Within the data below, state how many lines contain the string "Howell". Provide the number only.

** Provided data follows **

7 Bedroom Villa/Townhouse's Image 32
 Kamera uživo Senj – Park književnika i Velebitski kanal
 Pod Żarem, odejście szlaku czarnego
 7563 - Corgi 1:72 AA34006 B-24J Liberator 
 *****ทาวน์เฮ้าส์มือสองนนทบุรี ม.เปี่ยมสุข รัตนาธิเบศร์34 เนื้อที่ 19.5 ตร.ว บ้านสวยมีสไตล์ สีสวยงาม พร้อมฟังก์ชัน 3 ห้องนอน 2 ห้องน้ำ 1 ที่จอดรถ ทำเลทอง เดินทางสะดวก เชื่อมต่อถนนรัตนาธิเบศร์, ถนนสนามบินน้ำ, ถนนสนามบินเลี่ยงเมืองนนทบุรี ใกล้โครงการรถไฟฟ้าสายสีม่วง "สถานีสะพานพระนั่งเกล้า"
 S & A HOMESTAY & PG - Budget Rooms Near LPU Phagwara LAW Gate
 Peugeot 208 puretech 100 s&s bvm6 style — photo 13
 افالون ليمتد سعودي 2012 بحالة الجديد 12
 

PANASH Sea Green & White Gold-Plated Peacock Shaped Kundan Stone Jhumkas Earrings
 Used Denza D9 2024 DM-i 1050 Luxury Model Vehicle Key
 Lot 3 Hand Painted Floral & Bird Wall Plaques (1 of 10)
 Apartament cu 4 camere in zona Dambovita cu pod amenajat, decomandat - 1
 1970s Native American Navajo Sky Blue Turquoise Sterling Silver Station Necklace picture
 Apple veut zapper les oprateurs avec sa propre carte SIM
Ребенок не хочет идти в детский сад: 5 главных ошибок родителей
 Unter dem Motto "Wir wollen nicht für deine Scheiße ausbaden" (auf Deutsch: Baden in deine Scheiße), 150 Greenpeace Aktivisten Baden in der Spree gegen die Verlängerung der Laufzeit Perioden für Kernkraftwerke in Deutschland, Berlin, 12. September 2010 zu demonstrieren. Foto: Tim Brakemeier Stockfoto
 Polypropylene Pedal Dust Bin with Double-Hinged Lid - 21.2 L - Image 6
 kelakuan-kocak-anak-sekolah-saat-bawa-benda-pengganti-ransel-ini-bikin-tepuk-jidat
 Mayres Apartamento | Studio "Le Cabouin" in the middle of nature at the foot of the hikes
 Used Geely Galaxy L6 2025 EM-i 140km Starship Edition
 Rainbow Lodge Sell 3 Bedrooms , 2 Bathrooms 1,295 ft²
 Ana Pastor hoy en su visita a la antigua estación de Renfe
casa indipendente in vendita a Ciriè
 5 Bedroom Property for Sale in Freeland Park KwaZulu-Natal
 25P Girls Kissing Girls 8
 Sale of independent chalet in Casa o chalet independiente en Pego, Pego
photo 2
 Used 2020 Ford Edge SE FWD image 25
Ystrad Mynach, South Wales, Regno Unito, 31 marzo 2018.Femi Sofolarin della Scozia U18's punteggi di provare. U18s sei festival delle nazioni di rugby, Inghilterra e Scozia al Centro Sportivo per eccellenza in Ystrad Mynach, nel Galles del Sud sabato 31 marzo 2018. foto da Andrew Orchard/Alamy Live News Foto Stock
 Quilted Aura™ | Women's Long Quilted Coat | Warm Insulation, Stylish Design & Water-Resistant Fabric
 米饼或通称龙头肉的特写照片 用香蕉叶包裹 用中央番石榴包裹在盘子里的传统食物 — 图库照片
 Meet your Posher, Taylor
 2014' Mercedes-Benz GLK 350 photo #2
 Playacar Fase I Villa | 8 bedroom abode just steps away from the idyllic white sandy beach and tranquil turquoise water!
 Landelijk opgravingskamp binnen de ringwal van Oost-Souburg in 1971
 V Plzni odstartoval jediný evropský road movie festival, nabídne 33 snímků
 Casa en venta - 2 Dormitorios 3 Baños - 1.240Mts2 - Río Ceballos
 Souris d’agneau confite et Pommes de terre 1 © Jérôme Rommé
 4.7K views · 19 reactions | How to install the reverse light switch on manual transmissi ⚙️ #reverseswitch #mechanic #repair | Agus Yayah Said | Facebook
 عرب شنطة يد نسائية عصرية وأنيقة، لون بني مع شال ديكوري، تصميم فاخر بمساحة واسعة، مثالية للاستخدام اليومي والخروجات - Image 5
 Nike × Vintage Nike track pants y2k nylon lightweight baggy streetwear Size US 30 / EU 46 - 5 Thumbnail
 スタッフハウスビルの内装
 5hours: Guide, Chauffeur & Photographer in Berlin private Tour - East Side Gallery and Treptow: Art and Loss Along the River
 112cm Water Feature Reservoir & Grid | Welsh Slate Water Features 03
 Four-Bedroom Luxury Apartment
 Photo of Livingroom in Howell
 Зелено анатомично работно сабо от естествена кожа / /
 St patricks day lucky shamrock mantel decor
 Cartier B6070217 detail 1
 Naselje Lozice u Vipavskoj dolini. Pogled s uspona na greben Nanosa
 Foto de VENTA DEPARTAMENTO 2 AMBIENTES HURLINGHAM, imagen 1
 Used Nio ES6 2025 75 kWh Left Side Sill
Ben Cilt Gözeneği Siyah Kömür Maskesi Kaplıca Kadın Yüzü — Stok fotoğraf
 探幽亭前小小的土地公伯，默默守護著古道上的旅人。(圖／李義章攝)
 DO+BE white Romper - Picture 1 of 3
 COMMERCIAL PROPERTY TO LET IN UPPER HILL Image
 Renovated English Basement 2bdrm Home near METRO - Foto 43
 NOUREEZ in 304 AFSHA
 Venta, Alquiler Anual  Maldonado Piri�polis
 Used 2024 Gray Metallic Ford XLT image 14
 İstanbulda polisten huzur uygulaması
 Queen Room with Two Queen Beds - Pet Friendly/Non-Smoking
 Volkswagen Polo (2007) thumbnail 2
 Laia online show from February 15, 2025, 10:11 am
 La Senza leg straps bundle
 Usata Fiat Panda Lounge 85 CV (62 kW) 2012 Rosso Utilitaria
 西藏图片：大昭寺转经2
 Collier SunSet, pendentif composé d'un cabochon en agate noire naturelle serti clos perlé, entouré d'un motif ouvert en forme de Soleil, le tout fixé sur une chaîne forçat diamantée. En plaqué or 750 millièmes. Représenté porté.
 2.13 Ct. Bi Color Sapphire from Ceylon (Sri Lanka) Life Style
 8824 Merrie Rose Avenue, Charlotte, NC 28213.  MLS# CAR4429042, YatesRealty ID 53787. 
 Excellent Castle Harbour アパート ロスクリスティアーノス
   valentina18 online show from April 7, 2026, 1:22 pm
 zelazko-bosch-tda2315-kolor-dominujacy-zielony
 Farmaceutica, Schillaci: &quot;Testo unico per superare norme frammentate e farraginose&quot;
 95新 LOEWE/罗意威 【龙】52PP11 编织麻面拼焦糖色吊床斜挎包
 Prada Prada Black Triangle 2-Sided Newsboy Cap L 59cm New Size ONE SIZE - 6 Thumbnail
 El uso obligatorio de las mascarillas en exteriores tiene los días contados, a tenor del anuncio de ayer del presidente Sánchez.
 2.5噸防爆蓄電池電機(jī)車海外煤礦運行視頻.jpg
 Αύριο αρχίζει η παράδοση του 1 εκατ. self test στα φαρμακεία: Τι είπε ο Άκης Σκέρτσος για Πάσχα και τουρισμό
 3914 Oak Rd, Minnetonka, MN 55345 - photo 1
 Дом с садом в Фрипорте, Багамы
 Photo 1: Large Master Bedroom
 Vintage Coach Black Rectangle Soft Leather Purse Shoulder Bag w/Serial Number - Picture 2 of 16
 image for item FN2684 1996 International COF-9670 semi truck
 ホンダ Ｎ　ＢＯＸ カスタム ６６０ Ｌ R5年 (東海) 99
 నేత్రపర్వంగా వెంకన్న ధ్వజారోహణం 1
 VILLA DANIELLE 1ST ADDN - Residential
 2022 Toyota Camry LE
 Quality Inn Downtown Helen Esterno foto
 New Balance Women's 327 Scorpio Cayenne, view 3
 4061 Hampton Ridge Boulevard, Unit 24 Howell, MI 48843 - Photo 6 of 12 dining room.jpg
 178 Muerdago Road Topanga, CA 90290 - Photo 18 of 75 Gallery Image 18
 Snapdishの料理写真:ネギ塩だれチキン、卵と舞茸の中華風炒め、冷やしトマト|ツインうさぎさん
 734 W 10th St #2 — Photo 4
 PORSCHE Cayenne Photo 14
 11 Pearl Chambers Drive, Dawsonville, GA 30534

** End of Provided data **

→ Exercise solution: 2